-- Your assignment --
Leave the pictures out and print, word for word, the lines below from the one with "Sherman Crater Steam" through the final line.

-- Dataset excerpt --
· · · ·
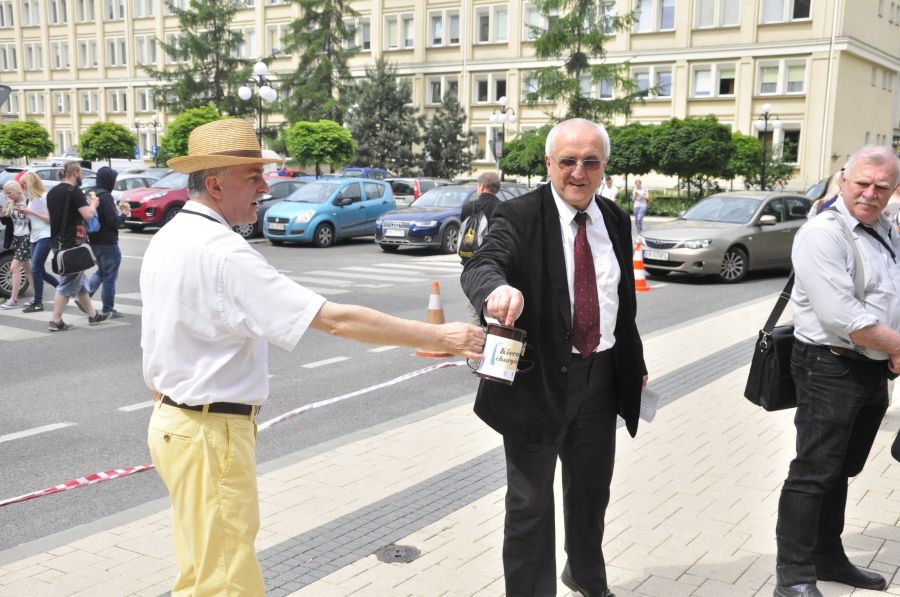 Kliknij aby zobaczyć pełny rozmiar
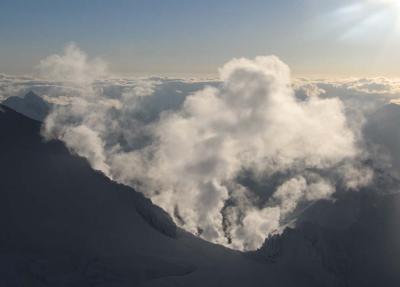 Sherman Crater Steam (MtBaker032305-080adj.jpg)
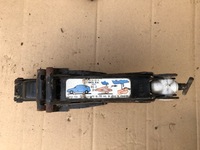 фото thumb №1, Домкрат подъемник seat 1l0011031a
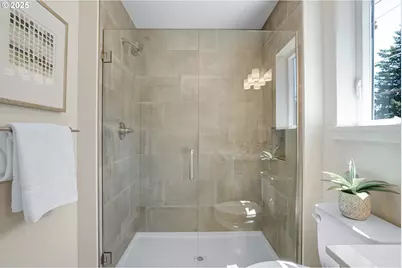 15149 E Burnside, Portland, OR 97233 - Photo 19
· · · ·
-- Response to this exercise --
 Sherman Crater Steam (MtBaker032305-080adj.jpg)
 фото thumb №1, Домкрат подъемник seat 1l0011031a
 15149 E Burnside, Portland, OR 97233 - Photo 19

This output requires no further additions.